= Dataset excerpt =
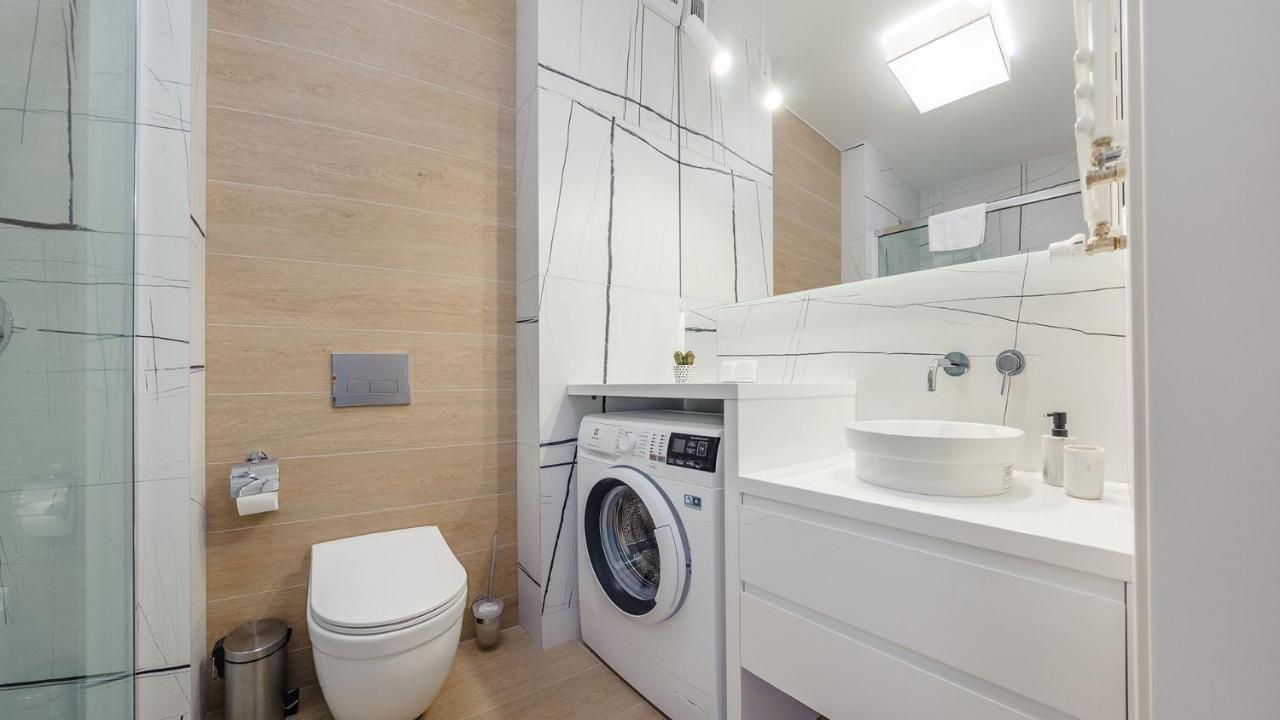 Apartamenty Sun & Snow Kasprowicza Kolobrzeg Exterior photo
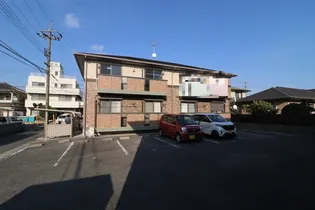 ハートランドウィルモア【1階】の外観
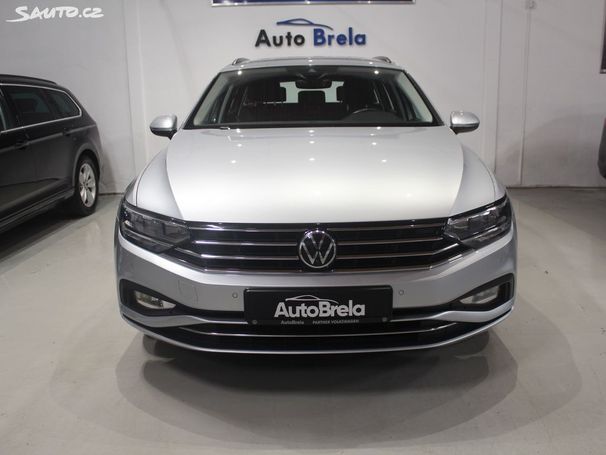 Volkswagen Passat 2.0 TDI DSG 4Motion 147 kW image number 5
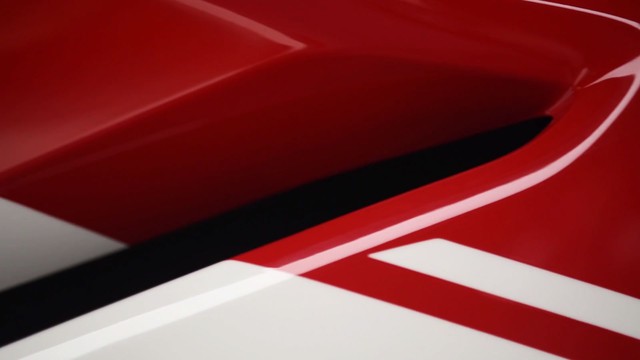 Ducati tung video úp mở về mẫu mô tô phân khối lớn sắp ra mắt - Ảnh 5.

= Problem requirements =
Find the line holding "ハートランドウィルモア【1階】の外観" in the data above. Retype it and every later line exactly, through the end, but not the pictures.

= Result for this exercise =
 ハートランドウィルモア【1階】の外観
 Volkswagen Passat 2.0 TDI DSG 4Motion 147 kW image number 5
 Ducati tung video úp mở về mẫu mô tô phân khối lớn sắp ra mắt - Ảnh 5.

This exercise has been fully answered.